Arnolfini's son Steven is betrothed to Agnes. They meet for the first time and eat from a mandrake to magically fall in love, and later the entourage is attacked and robbed by Martin's band. Arnolfini is seriously injured; Kathleen, Agnes' lady-in-waiting, is killed; and Agnes is hauled away, concealed among her valuable dowry. Martin discovers Agnes that evening as they strip the caravan of valuables. The men desire to rape her but Martin decides to take her himself. He rapes Agnes in front of the caravan while she at first taunts him, and then begs Martin's protection when he is finished. Martin prevents the rest of the men from raping her.

The mercenaries come upon a castle where, unknown to them, the inhabitants are infected with the plague. They capture the castle with the help of Agnes. She induces Martin to fall in love with her and works on the other mercenaries to accept her. She appears to have given up on her former life. Determined to rescue her, Steven turns to Hawkwood. Hawkwood only wants to live a quiet life, married to the former nun. Steven, becoming as ruthless as his father, seizes her to force Hawkwood to help his pursuit of Martin.

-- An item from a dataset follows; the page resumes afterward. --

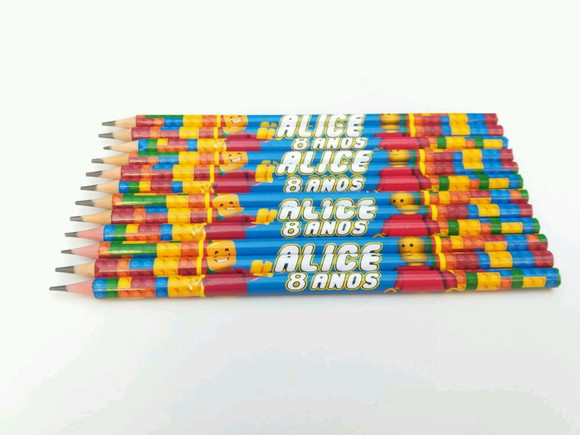 Lapis Personalizado Lego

Steven's party locates Martin and the mercenaries. They do not have sufficient force to take the castle and lay siege to it. In the castle, Martin asks Agnes where her true loyalty lies; she is noncommittal, hinting that the winner takes all. Outside, the plague spreads among Steven's forces and infects Hawkwood. Steven builds a siege tower to storm the castle, and Martin destroys it with something Steven had tried earlier: gunpowder. Steven's soldiers are killed as Steven scales the tower's ladders, and falls into the castle grounds.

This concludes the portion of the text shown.